Notably, we recommend a higher aqueous phase sampling density for validation approaches than quantification approaches in the two plot model. This is to achieve a sufficient number of samples for statistical significance given validation measurements are collected from a minimum total of 2p% of the project area (Equation 9).
Appendix 4: Companion Document for the Enhanced Weathering Protocol
Introduction
This document is a companion to the Isometric Enhanced Weathering in Agriculture Protocol v1.2, providing supporting information regarding the rationale for making the validation check optional. This document should be read in conjunction with the Protocol and is provided as guidance. Should there be any discrepancy or inconsistency between this companion document and the Protocol itself, the requirements of the Protocol will prevail.
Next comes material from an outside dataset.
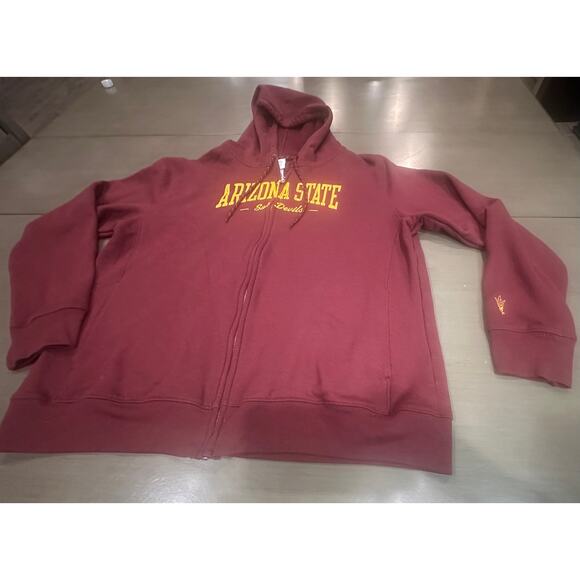 Arizona State Sun Devils zip up hoodie (2XL) - Picture 3 of 9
Background: why was secondary validation required in v1.0 and v1.1?
When we first published the EW Protocol v1.0 in 2023, there was widespread consensus across the EW scientific and industry community around requiring a secondary validation approach alongside the primary quantification method. Pairing solid-phase soil measurements with aqueous-phase porewater measurements was broadly regarded as best practice. The rationale at the time was that given the nascent state of the field, an independent cross-check would provide additional confidence that the primary quantification was capturing the weathering signal correctly. We believe that was indeed the scientifically appropriate decision at the time, given the lack of sufficient real-world data indicating otherwise.
Why is secondary validation no longer required in v1.2?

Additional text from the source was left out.